- This topic has 1 reply, 2 voices, and was last updated 7 years, 5 months ago by .
Viewing 1 reply thread
Viewing 1 reply thread
- You must be logged in to reply to this topic.
› Forums › Speech Synthesis › DNN synthesis › Hybrid model: where does the improvement come from?
In the hybrid approach to TTS, we use speech parameters (vocoder parameters) to select the candidate units. But I do not understand where the improvement comes from.
I have two hypothesises:
1. Speech parameters are better than linguistic features, leading to a better target cost function
2. Vocoders are still not good enough to reconstruct very natural speech.
I tend towards the first view. I tried the WORLD vocoder, and it reconstructed my voice perfectly (I cannot hear any differences between the original waveform and the reconstructed one).
Both your hypotheses are reasonable.
Hypothesis 1 simply states that an ASF target cost function is superior to an IFF one. That will be true if our predictions of speech parameters are sufficiently accurate. The reason that measuring the target-to-candidate-unit distance in acoustic space is better than in linguistic feature space is sparsity. See Figure 16.6 in Taylor’s book, or the video on ASF target cost functions.
Hypothesis 2 is currently true much of the time, although improvements are being made steadily. It is just now becoming possible to construct commercial-quality TTS systems that use a vocoder, rather than waveform concatenation.

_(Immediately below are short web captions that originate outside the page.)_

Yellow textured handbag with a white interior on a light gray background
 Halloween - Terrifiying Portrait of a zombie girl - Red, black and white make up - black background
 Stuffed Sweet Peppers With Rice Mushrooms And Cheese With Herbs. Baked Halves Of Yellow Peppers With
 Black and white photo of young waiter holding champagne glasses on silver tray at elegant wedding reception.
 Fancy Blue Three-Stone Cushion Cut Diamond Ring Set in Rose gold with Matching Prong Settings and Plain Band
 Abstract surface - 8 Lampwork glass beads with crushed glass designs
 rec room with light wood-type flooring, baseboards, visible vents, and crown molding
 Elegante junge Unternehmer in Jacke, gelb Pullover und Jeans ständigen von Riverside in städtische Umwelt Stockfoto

It’s worth reminding ourselves that an ASF target cost function does not need to use vocoder parameters as such, because we do not need to be able to reconstruct the waveform from them. We could choose to use a simpler parameterisation of speech (e.g., ASR-style MFCCs derived using a filterbank) if we wished.
Some forums are only available if you are logged in. Searching will only return results from those forums if you log in.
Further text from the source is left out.